The first is attrition. We've lost so many good bloggers in the last couple of months that it's a lot easier to do now, Plus... it's not real. I know it. I'll get a hundred hits in ten minutes sometimes, then none for an hour.... Either someone's messing by simply clicking my blog a bunch of times in a row, or it's just some bot searching. Either way, it's too bad. I sure wanted to get there eventually, but I also wanted it to be because that many people were reading.
It is cold in here this morning. My fingers feel like...well, they're cold.
Short post, as I also overslept.

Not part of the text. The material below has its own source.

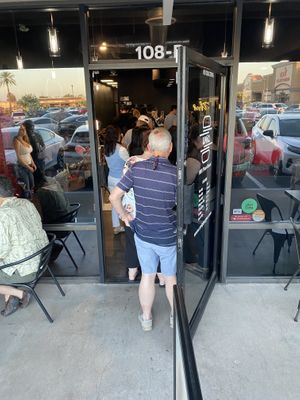 Line out the door at the Yelp Elite event - everyone lining up for the best food in town!  at UNiQ Burger in Scottsdale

But first? ...The coffee maker just gurgled it's signal that it's done and ready.....
............ ............
Ah. That's better.
Now, I'll try to get into the super-hero suit I have to wear under my clothes...
............ ............
There.
See, the transformation of my body from frumpy old guy into svelte secret Super-Surrogate doesn't happen till I've squeezed into this green and yellow thing.
Unfortunately, every now and again there's some confusion about the "S.S." on my chest and cape.

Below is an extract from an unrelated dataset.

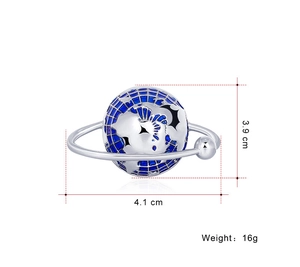 Detail showing dimensions of blue enamel globe brooch with a creative orbital design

I seem to have to explain to most people that I'm "Super Surrogate" (dum da da Dahhhh!) and not some aging leftover evil agent of the Gestapo, or from the Presidential Protective Division of the Treasury Department, but rather, a mild mannered, yet fierce Super Hero who's main goal is to deal with bullies of all sorts.
Unlike other super-heros, though, I rarely confront anyone I see (unless they're really small and weak bullies) but rather, I bravely pull my cape around in front of me, and make note of the infraction on the dry-erase fabric it's made of, for later use here in this space.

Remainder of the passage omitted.